Active Soccer 3 was released in July 2026.

==History==
Throw In started as a 3D remake of Kick Off 2. The programmer and three times Kick Off 2 World Champion Gianluca Troiano started the project in cooperation with the Kick Off Association in 2004. Several betaversions were released in 2004 and 2005. A transformed version of the game was released in 2006 as Nutella Football Game by the game company Artematica. It was sold in big Italian malls as a promotional gift together with a can of Nutella during the FIFA World Cup 2006. Another transformed version was released as Up Soccer by Artematica.

The Throw In project went on and in 2007 beta 0.8 was released with upgraded graphics and improved gameplay. a few months later in early 2008 beta 0.85 was released. The Throw In beta versions became widely spread and available for download on many game sites. In total the beta versions were downloaded 100,000 times and the trailers for the 0.8 and 0.85 versions had 80,000 views.
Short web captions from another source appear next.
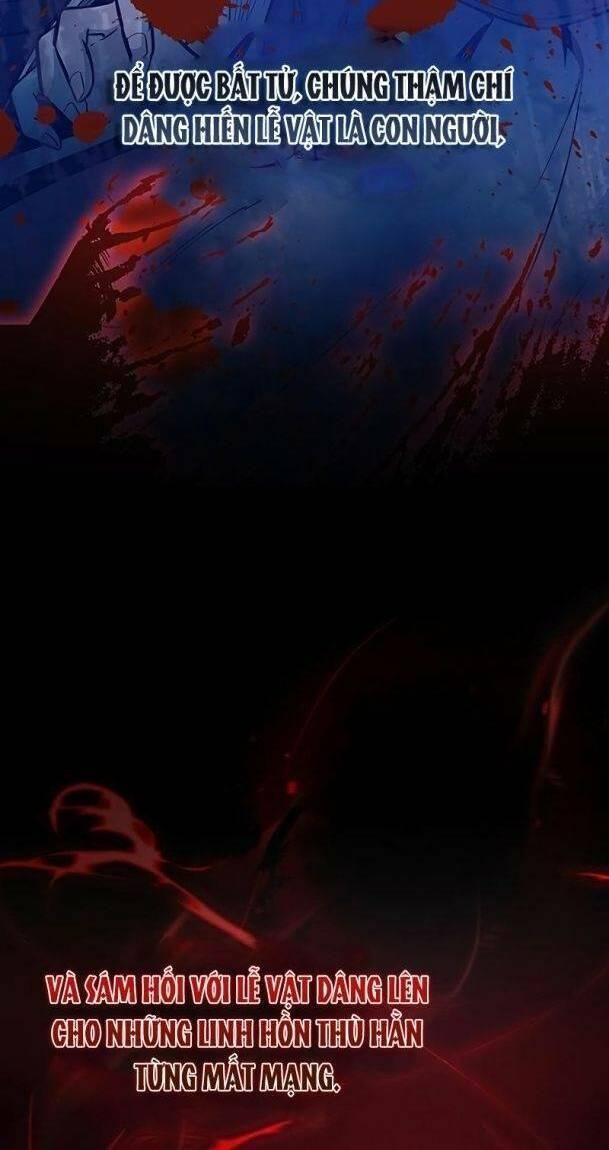 chuyển sinh thành ác nhân chapter 72 39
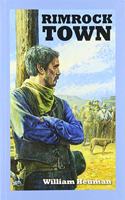 Rimrock Town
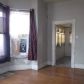 1009 6th Ave, Council Bluffs, IA 51501 ID:15252434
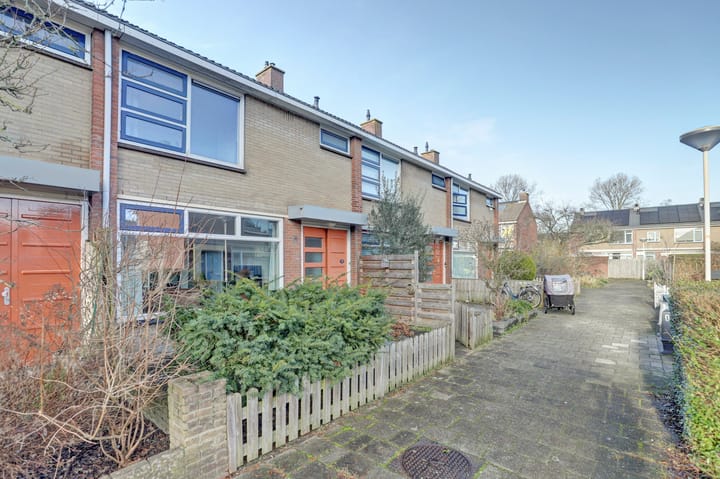 Kuiperberg 5 main image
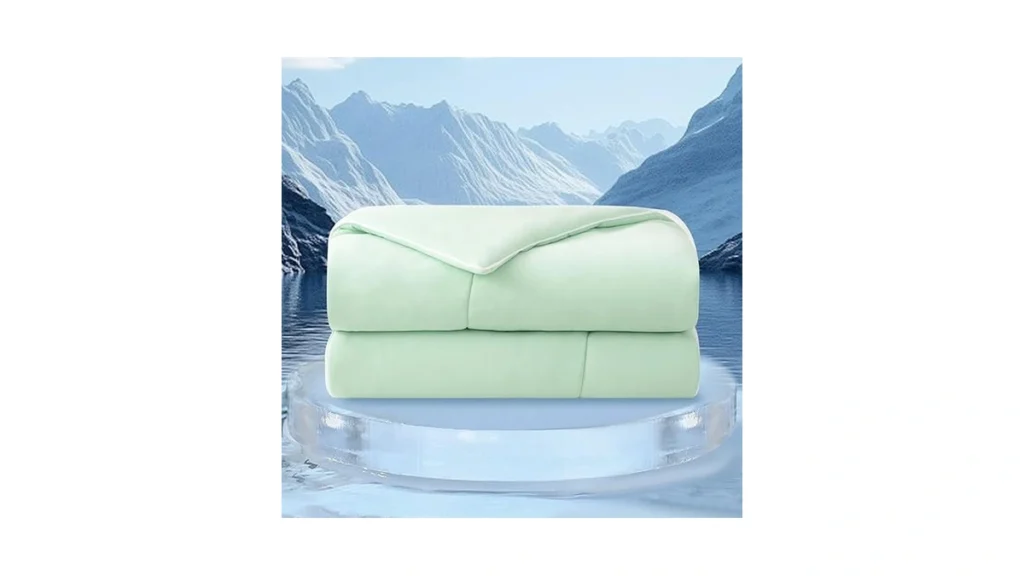 Verified image for post 102036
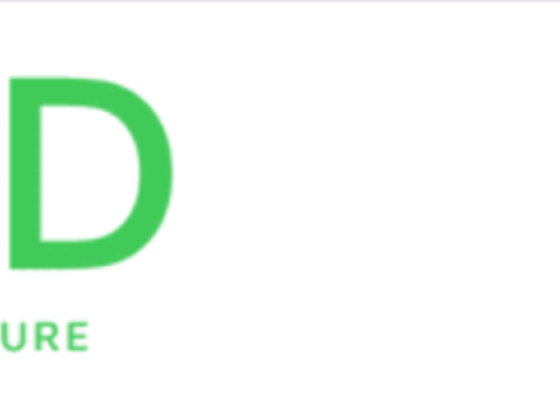 Biod Technology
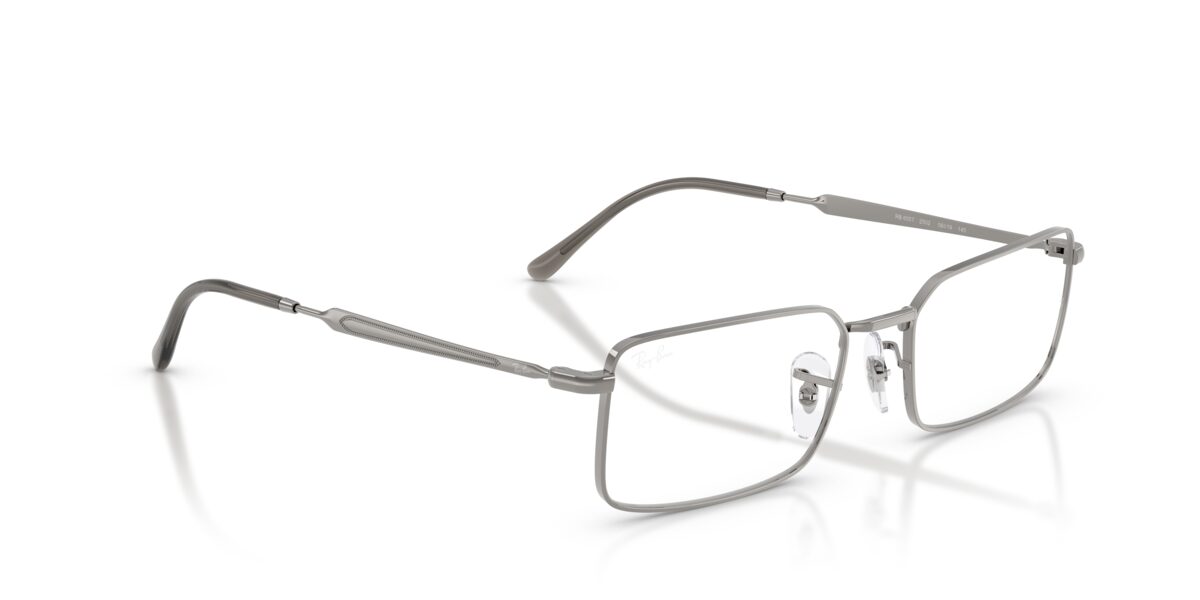 Ray-Ban RX6557 2502
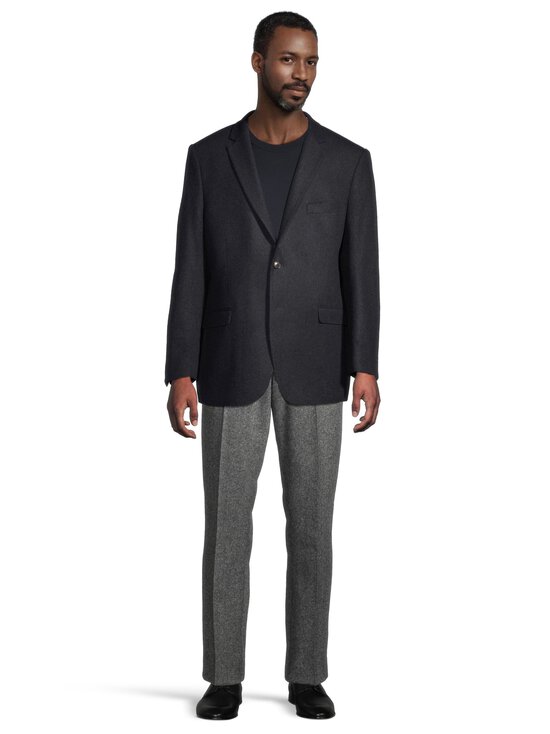 Buzo - Alexander 1954 -bleiseri - 49 (BLUE) | Stockmann - photo 2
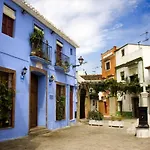 156 Bonamar - Deniasol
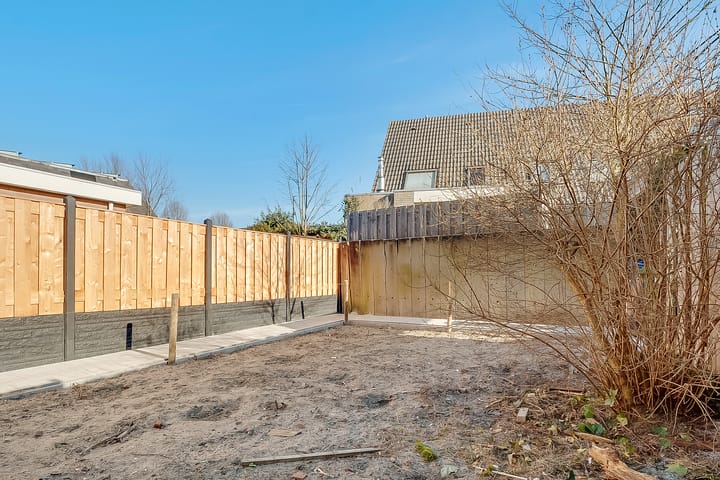 Foto 5 van Oude Arnhemseweg 126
The programmer behind Kick Off Dino Dini, praised the game.

The Throw In beta versions were just as Kick Off, was primarily developed for joysticks with one button. The gameplay in the betas are close to Kick Off 2 and also have similarities with Sensible Soccer. After beta 0.86 the Throw In project became quiet. There were rumors about a 1.0 version and a Throw In Player Manager but these were never released.

In December 2011 The developer announced that they were working on a new game under the working title Throw In 2nd Half. In 2012 The Fox Software announced that the official name of the game will be Active Soccer and that it will be released for iOS, Android, Windows and Mac. Chris Huelsbeck will write the soundtrack for Active Soccer. The game Active Soccer was first shown at the video conference 2012 at the videogame museum Vigamus in Rome 20 and 21 October. At the conference the Active Soccer booth was visited by Dino Dini the programmer of the classic video game Kick Off.